*PROBLEM TO WORK ON:* Look in the data below for the line that has "Inertie Thermique Batiments", then print exactly every line from there through the line that has "Geox D Pisa, Sandalo, Beige, 39 EU", leaving pictures out.

*EXTRACTED INFORMATION:*
........
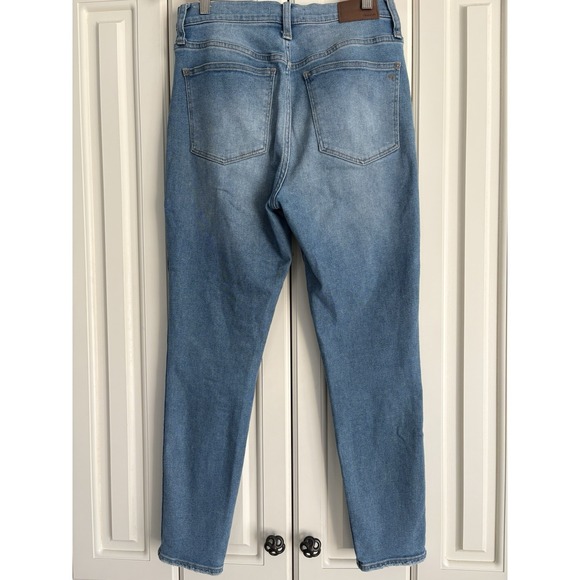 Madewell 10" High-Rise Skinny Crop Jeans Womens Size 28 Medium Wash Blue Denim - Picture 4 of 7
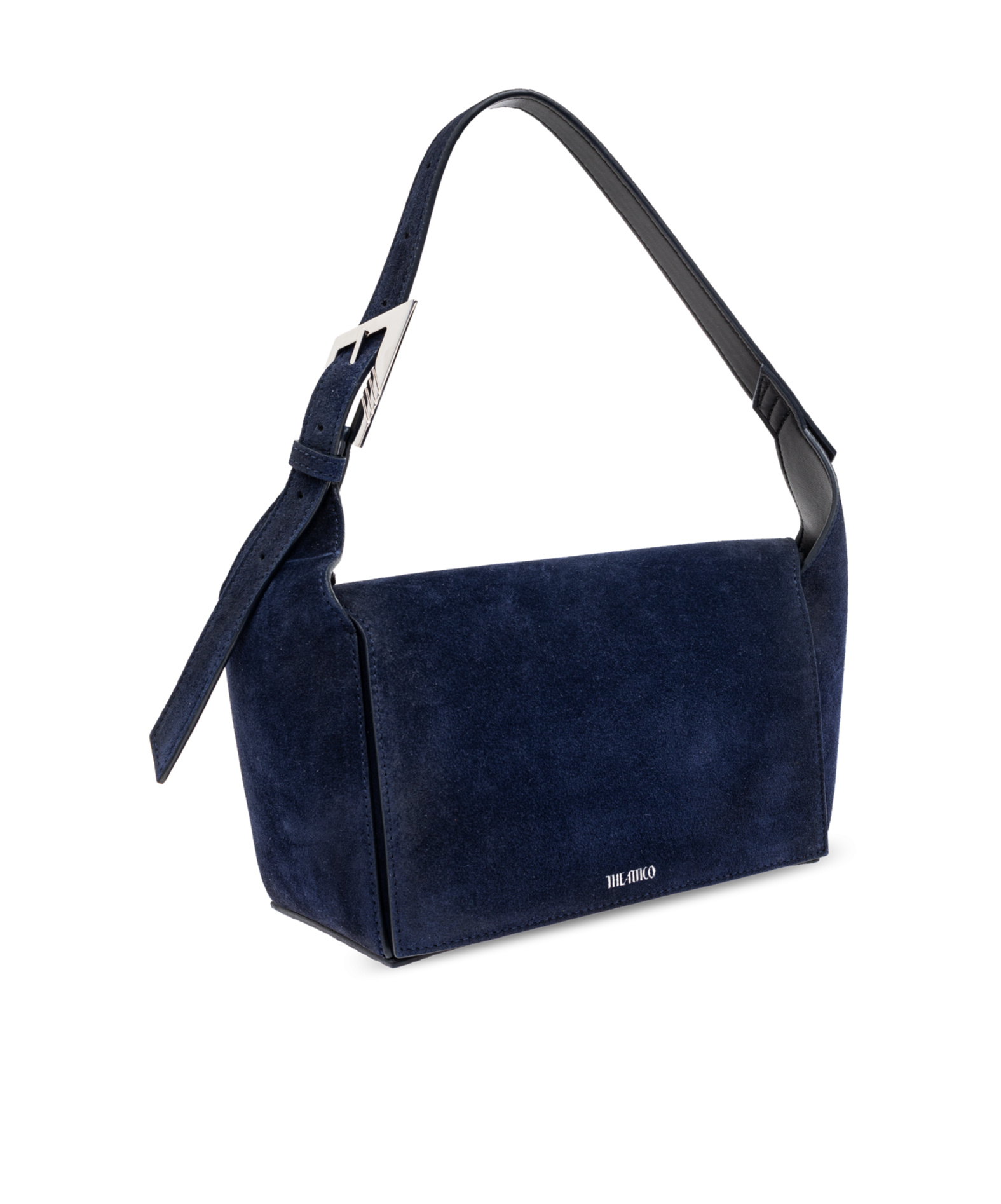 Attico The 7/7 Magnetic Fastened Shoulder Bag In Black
........
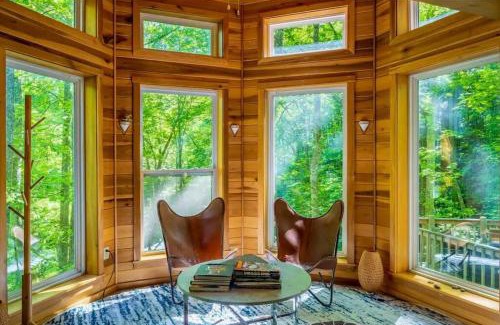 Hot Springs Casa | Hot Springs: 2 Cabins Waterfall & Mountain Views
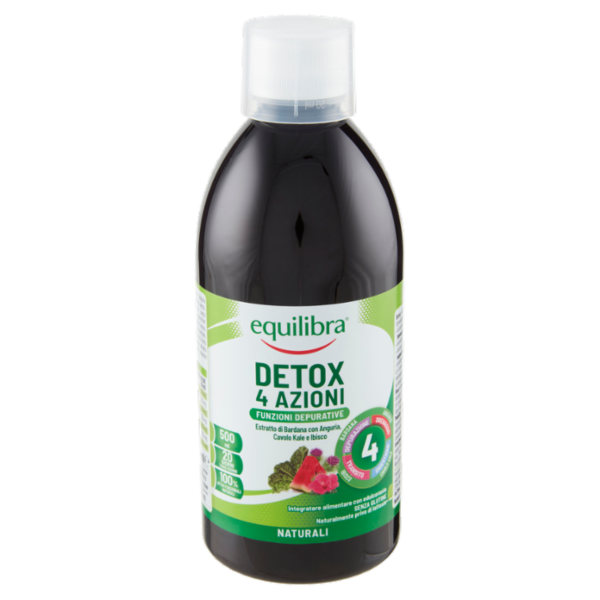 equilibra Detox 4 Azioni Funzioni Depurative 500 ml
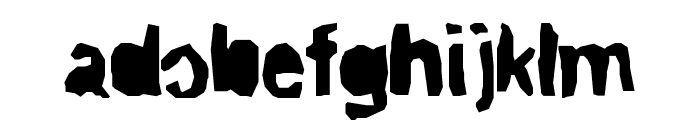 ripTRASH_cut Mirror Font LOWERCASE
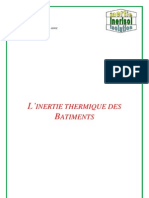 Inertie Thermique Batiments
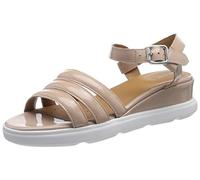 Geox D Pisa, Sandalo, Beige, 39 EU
........
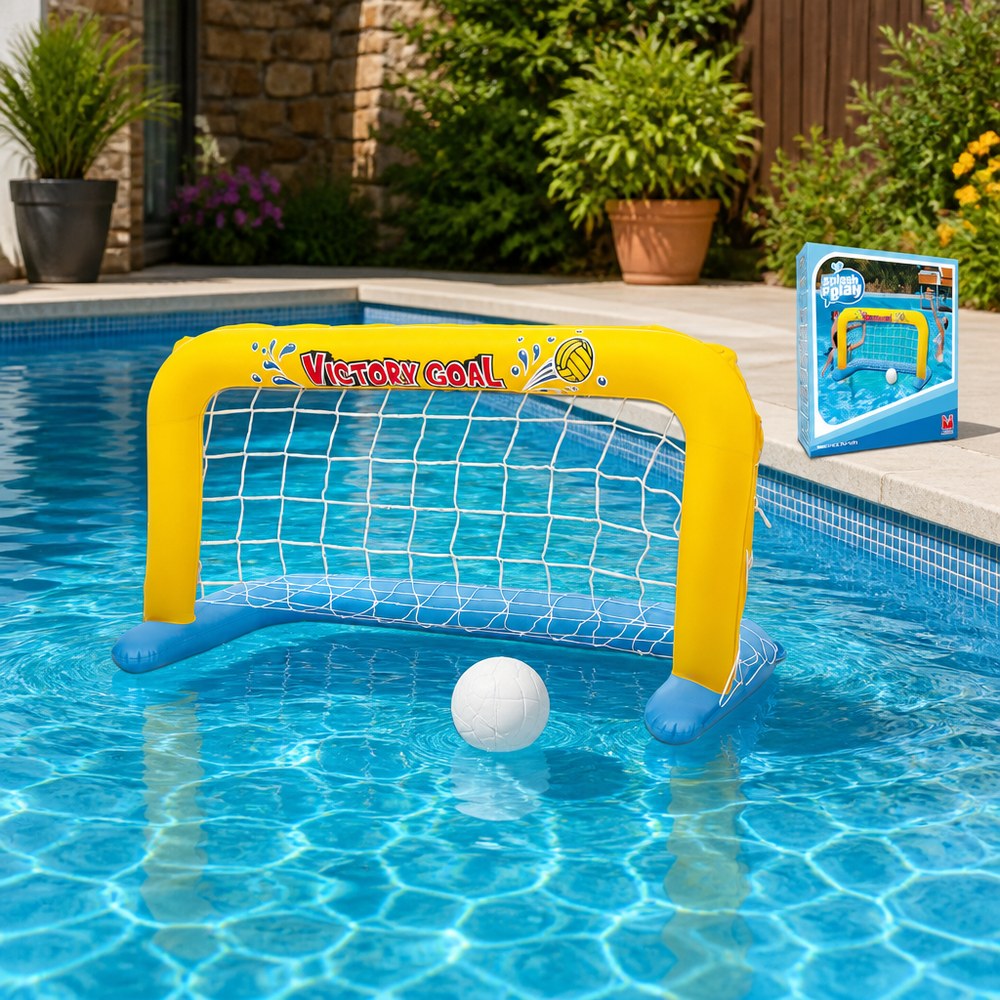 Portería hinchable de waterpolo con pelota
........
*YOUR RESPONSE:*
 Inertie Thermique Batiments
 Geox D Pisa, Sandalo, Beige, 39 EU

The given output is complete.